Today i tried to install the pac man rom after being on vanilla rootbox rom for the US Cellular version of my gs3. It was stuck on the activating screen. Then i get out of it and i have no data whatsoever. Cant call, cant text, cant do a thing, unless i get on wifi. Ive tried restoring images, factory reset, flashing modems, a nd i tried the first two steps in this post http://forum.xda-dev...769&postcount=2 but not the third because its for verizon. Any help would be appreciated.


----------



## hereticg0d (Sep 20, 2011)

Does your status in settings show your phone number and MEID? If you dial *#06# does it show your MEID?

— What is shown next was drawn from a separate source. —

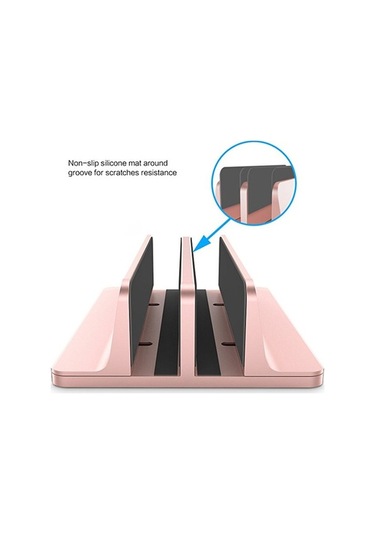 Novahub Çift Slotlu Dizüstü Bilgisayar Standı - Alüminyum Tasarım Standı Çift Yuvalı, Ayarlanabilir, Isı Dağılımı İçin Masaüstü Organizasyon Standı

Sent from my SCH-R530U using Tapatalk 4 Beta


----------



## crkdvnm (Jul 27, 2011)

i odin back to complete stock and heres some other info i posted on another forum. I got 4g working but no 3g whatsoever.

To add on to this. When the 4g comes it, the bars show up, the 4g symbol shows up etc etc.
When 3g tries to kick it, it shows nothing then the circle with a line through it.

Mobile network type
Unknown

Service State
Out of Service

Roaming
Not Roaming

Mobile Network State
Disconnected

Phone Number
(its correct)

MIN
(Shows up)

MEID
(its there)

IMEI
(its there)

IP Address
Unknown



hereticg0d said:


> Does your status in settings show your phone number and MEID? If you dial *#06# does it show your MEID?
> 
> Sent from my SCH-R530U using Tapatalk 4 Beta


Yes. I cannot dial out though. *228 says mobile network not available.


----------



## crkdvnm (Jul 27, 2011)

mods can delete this! factory reset from the phone menu worked.


----------